Work item
Return all of the data that follows precisely, leaving every image out.

Data provided Block Start

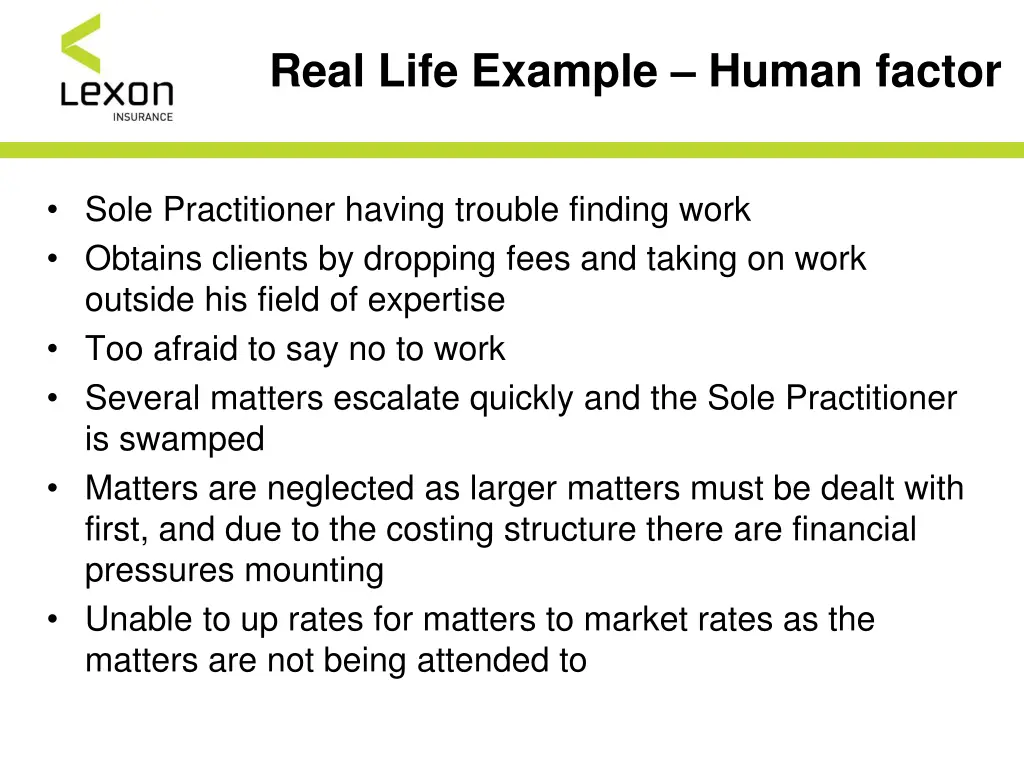real life example human factor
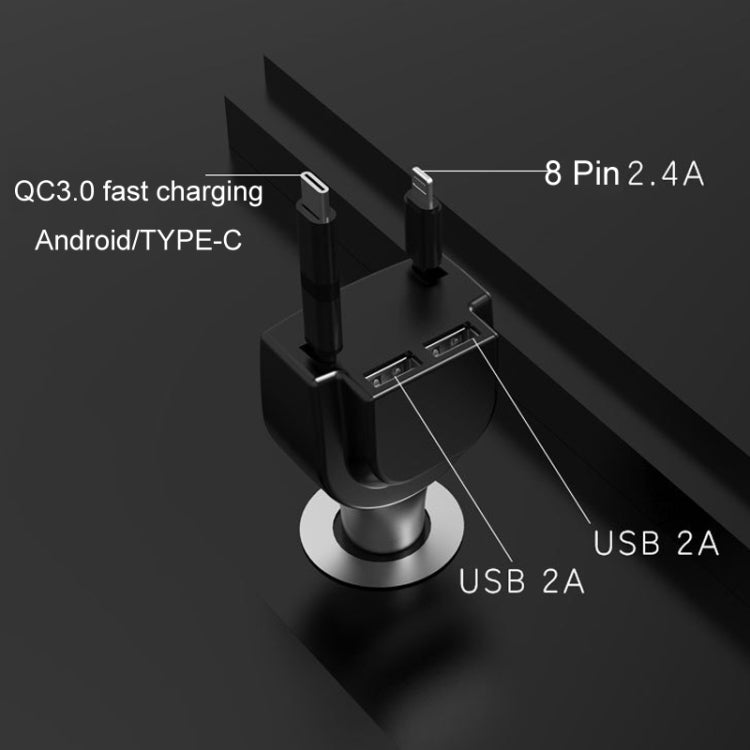 3 In 1 3.1A Dual USB Single Pull Retractable Fast QC3.0 Car Charger(Black) - Car Charger by PMC Jewellery | Online Shopping South Africa | PMC Jewellery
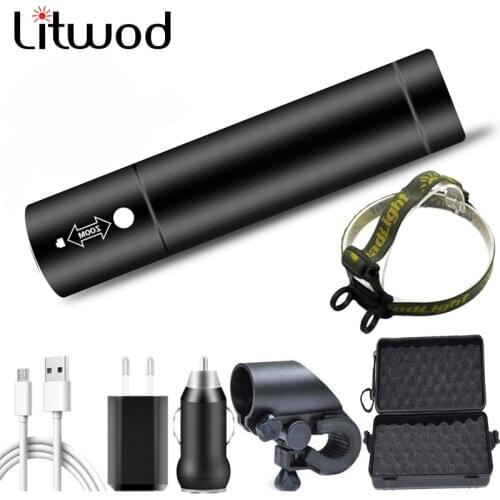 Led Head Flashlight Lamp XM -L T6 High Quality Torch Built in 18650 Rechargeable Battery Power Bank 2000lm 10W Bike Light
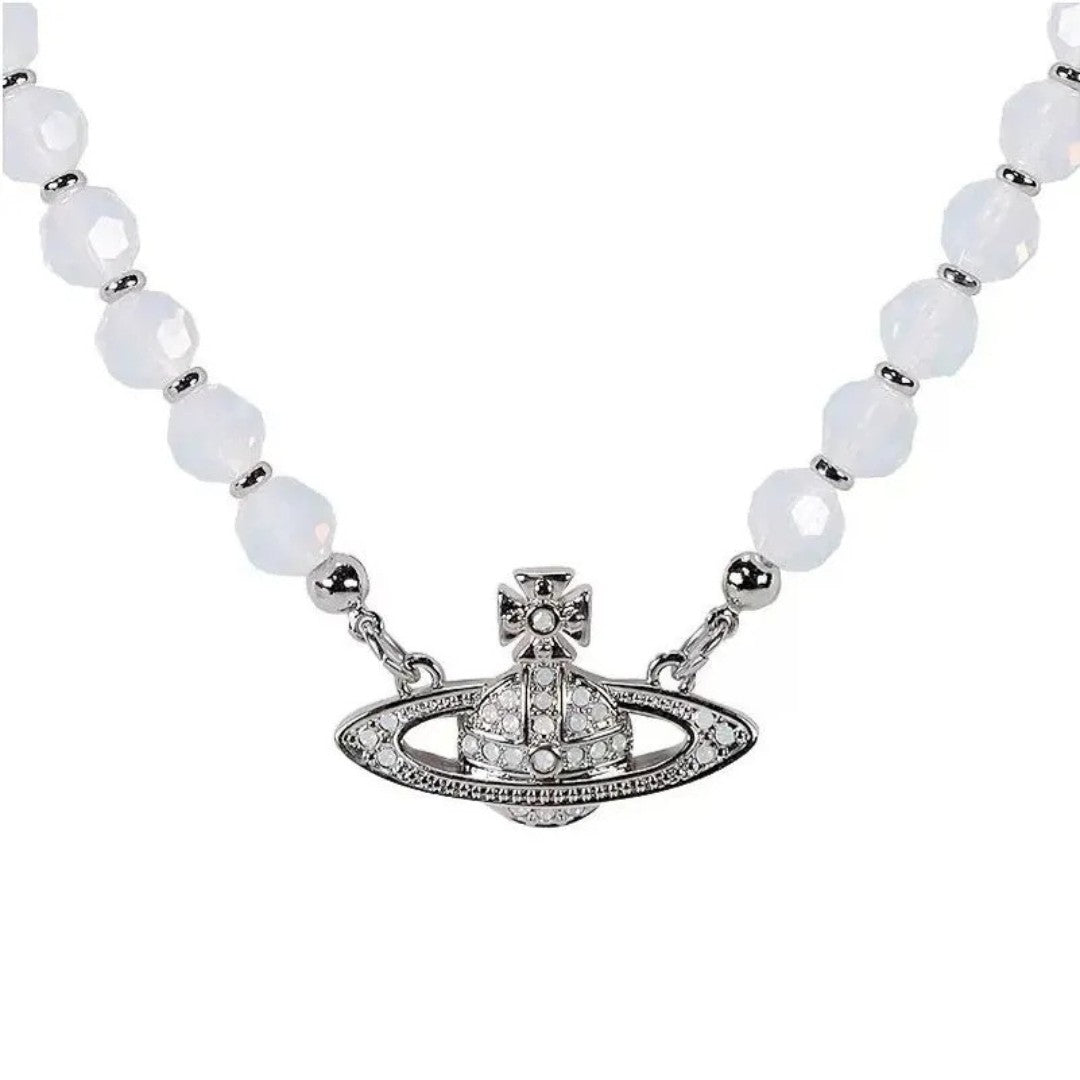 Saturn Pearl Orbit Choker Necklace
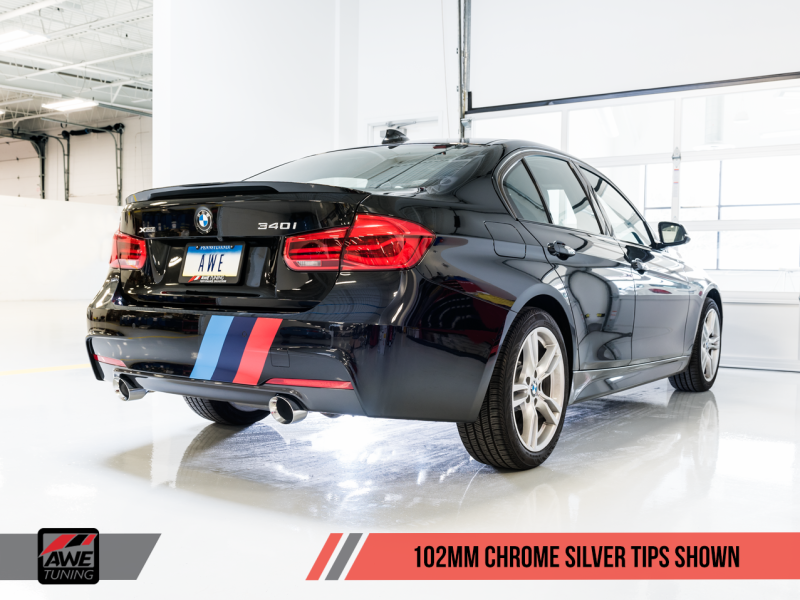 AWE Tuning BMW F3X 340i Touring Edition Axle-Back Exhaust - Chrome Silver Tips (102mm) - eliteracefab.com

Data provided Block End

Solved exercise
real life example human factor
 3 In 1 3.1A Dual USB Single Pull Retractable Fast QC3.0 Car Charger(Black) - Car Charger by PMC Jewellery | Online Shopping South Africa | PMC Jewellery
 Led Head Flashlight Lamp XM -L T6 High Quality Torch Built in 18650 Rechargeable Battery Power Bank 2000lm 10W Bike Light
 Saturn Pearl Orbit Choker Necklace
 AWE Tuning BMW F3X 340i Touring Edition Axle-Back Exhaust - Chrome Silver Tips (102mm) - eliteracefab.com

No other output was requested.